A demonstrator holds a placard outside the British Houses of Parliament during a demonstration against climate change in early March in London. Catholics and Orthodox formally will mark Sept. 1 as the World Day of Prayer for the Care of Creation. (CNS photo/Facundo Arrizabalaga, EPA)

By Carol Glatz
Catholic News Service

VATICAN CITY – Together with the head of the Orthodox Church, Pope Francis urged people to be respectful and responsible toward creation while being aware of how disrupted ecosystems impact the poor.

To mark the World Day of Prayer for the Care of Creation Sept. 1, the pope said he and Ecumenical Patriarch Bartholomew of Constantinople “prepared a message together.”

Although the text was not published immediately, Pope Francis told people at his general audience Aug. 30 that the message would be an invitation to all people “to adopt a respectful and responsible approach toward creation.”

Valerio Mendoza, 83, joins a vigil for climate change on the eve of the U.N. climate summit in Lima, Peru. (CNS photo/Barbara Fraser)

“Furthermore,” he said, “we appeal to those who hold an influential role to listen to the cry of the earth and the cry of the poor, who suffer more because of ecological imbalances.”
Pope Francis instituted the World Day of Prayer for the Catholic Church in 2015, joining with the ecumenical patriarchate, who has observed the Sept. 1 day of prayer since 1989.

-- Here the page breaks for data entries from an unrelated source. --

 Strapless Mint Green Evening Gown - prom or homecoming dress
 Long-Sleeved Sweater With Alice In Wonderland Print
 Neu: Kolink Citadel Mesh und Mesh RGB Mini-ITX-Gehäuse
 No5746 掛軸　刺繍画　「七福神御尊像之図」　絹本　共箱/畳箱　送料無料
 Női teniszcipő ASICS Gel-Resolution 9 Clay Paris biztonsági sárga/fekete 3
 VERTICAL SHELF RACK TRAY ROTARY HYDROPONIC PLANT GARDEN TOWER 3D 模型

The annual World Day of Prayer for the Care of Creation, Pope Francis said when he instituted it, is to be a time for individuals and communities to “reaffirm their personal vocation to be stewards of creation, to thank God for the wonderful handiwork which he has entrusted to our care, and to implore his help for the protection of creation as well as his pardon for the sins committed against the world in which we live.”

If Christians are to make their special contribution to safeguarding creation, they must rediscover the spiritual foundations of their approach to what exists on earth, beginning with an acknowledgment that “the life of the spirit is not dissociated from the body or from nature,” but lived in communion with all worldly realities, he had said.